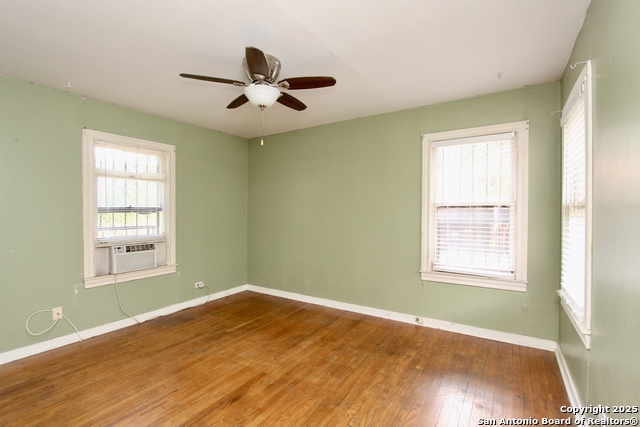 Listing photo id 10 for 387 Meredith  2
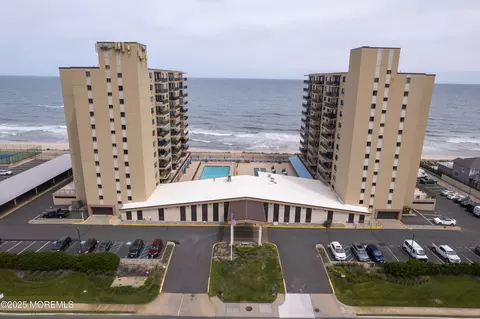 45 Ocean Ave #4G, Monmouth Beach, NJ 07750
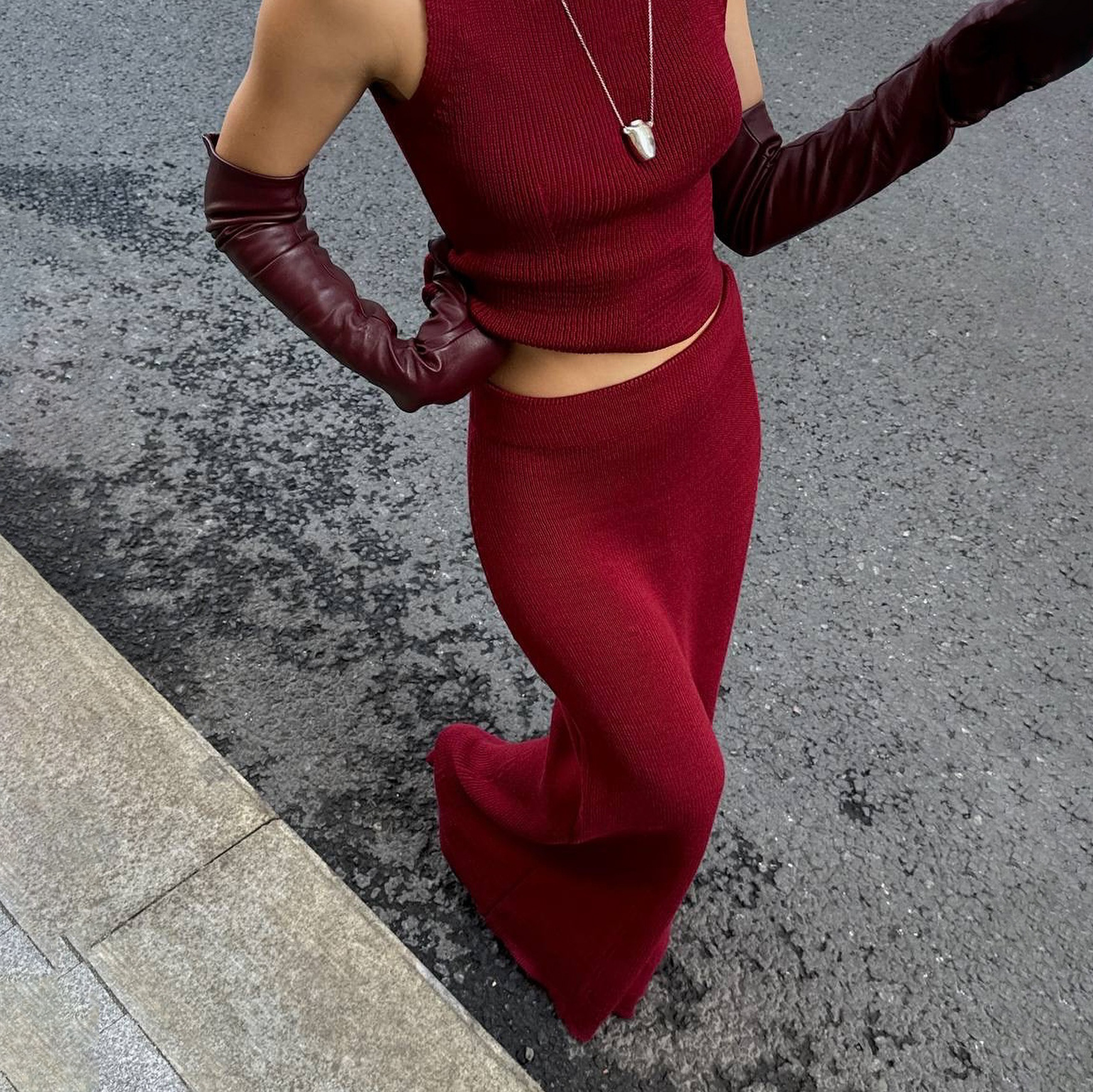 Conjunto de top de malha e saia de cintura alta estilo francês_voghion.com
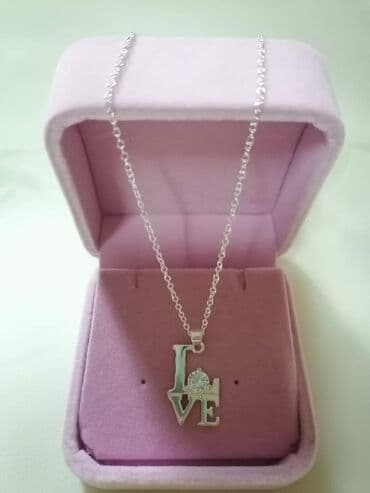 srebrna ogrlica sa krsticem: 800 — 10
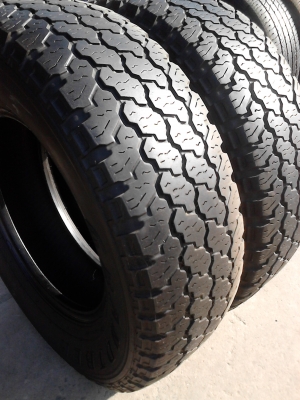 235/70R15  DUNLOP GRANTREK   มี  2  เส้น TEL.081-427-3941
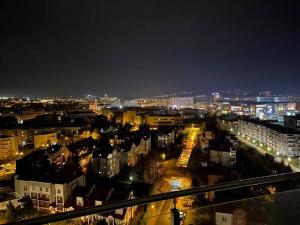 - Vistas a la ciudad por la noche con luces en Capital Towers Sunrise Premium 14 piętro / 14th floor, en Rzeszów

════

### Work item
Retype every entry above exactly and, please, skip the pictures.

### Worked solution
 Listing photo id 10 for 387 Meredith  2
 45 Ocean Ave #4G, Monmouth Beach, NJ 07750
 Conjunto de top de malha e saia de cintura alta estilo francês_voghion.com
 srebrna ogrlica sa krsticem: 800 — 10
 235/70R15  DUNLOP GRANTREK   มี  2  เส้น TEL.081-427-3941
 - Vistas a la ciudad por la noche con luces en Capital Towers Sunrise Premium 14 piętro / 14th floor, en Rzeszów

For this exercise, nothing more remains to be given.